__PROBLEM TO SOLVE__. Scan the listing beneath this sentence. Report each line with the word "install".

__DATA IN THIS EXERCISE__.

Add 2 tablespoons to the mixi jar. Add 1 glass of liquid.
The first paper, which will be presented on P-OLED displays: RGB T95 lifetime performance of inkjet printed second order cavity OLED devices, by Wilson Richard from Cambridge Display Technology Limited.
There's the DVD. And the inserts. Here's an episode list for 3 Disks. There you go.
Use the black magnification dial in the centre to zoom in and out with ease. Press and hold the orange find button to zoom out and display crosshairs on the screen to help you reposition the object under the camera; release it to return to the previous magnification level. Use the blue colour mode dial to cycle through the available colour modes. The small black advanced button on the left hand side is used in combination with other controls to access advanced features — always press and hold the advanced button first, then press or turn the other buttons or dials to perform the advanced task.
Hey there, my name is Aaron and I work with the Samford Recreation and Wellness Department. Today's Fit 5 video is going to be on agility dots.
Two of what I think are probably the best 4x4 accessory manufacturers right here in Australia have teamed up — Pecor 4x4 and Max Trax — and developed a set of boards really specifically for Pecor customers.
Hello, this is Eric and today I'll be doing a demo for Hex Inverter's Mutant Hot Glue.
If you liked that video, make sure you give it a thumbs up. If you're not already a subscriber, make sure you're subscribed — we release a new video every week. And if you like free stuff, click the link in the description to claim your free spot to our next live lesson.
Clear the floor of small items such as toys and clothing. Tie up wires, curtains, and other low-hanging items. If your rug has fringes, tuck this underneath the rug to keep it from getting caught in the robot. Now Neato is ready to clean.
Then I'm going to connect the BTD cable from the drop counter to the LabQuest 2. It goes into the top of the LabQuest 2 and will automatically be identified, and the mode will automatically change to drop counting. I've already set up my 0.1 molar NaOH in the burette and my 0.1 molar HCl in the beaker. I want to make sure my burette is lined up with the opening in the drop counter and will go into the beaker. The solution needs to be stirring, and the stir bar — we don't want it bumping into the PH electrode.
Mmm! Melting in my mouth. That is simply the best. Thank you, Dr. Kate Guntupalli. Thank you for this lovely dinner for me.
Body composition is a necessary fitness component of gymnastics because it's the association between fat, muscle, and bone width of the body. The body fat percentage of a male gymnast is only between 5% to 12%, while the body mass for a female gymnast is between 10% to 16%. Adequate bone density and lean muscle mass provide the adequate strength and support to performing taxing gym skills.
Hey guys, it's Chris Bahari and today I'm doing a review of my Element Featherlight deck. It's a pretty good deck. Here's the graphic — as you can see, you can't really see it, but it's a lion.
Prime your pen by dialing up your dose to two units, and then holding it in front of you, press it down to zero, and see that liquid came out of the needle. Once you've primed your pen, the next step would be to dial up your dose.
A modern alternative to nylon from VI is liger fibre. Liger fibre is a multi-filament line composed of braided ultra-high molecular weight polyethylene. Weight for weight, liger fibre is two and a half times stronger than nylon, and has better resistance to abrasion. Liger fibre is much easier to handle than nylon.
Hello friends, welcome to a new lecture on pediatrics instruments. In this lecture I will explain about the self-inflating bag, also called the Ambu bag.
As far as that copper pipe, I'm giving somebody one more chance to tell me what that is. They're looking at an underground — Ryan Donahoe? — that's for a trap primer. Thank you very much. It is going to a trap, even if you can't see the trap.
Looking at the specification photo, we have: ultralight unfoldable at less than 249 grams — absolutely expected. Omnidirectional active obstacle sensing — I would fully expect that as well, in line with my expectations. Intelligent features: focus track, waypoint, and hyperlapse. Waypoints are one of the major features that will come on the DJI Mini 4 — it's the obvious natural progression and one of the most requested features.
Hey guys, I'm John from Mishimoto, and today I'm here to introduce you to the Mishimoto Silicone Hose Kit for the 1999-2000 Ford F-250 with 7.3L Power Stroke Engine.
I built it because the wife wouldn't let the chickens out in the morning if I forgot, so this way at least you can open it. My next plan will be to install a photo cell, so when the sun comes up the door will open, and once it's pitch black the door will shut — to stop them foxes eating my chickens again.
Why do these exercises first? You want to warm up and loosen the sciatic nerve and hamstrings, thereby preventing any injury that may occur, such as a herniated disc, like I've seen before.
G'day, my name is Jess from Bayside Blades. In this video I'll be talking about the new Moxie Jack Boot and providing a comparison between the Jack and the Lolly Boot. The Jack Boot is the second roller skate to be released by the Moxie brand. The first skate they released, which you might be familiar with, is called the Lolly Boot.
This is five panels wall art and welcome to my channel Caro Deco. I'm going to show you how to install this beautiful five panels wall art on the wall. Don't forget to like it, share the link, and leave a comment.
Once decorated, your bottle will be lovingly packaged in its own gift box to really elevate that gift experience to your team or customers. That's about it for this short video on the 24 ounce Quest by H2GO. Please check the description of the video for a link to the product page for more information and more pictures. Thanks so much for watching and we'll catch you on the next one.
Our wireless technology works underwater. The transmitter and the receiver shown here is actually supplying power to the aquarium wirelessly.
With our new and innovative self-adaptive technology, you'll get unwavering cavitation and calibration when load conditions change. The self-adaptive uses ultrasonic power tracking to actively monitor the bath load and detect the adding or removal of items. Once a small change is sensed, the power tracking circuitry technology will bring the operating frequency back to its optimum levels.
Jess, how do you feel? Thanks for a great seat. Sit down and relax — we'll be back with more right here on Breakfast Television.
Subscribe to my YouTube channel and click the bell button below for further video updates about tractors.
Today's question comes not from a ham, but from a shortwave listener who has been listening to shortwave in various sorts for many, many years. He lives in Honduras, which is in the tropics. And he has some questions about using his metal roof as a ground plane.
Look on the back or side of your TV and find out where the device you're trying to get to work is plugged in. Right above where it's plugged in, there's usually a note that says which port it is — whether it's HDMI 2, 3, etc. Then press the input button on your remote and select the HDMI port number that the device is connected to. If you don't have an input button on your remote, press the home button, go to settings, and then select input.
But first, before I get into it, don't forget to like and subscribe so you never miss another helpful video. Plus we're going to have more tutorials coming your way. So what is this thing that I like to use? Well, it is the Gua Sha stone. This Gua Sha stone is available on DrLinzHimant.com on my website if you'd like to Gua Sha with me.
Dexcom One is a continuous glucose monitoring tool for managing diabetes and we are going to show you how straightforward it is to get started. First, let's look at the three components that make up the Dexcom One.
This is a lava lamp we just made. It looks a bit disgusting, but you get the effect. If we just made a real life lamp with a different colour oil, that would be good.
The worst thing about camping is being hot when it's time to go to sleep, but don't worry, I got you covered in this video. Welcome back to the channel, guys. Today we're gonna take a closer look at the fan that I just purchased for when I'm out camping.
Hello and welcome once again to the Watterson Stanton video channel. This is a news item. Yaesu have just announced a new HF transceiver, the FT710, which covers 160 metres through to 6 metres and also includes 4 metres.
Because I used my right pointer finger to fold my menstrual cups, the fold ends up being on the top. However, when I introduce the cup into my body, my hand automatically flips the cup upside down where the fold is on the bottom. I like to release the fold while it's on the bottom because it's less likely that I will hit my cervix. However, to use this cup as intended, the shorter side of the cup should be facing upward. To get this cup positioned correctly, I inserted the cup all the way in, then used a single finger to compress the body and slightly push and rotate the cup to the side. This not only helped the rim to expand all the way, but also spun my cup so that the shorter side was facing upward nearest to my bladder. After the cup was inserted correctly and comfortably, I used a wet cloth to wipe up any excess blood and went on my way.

__TASK ANSWER__.
I built it because the wife wouldn't let the chickens out in the morning if I forgot, so this way at least you can open it. My next plan will be to install a photo cell, so when the sun comes up the door will open, and once it's pitch black the door will shut — to stop them foxes eating my chickens again.
This is five panels wall art and welcome to my channel Caro Deco. I'm going to show you how to install this beautiful five panels wall art on the wall. Don't forget to like it, share the link, and leave a comment.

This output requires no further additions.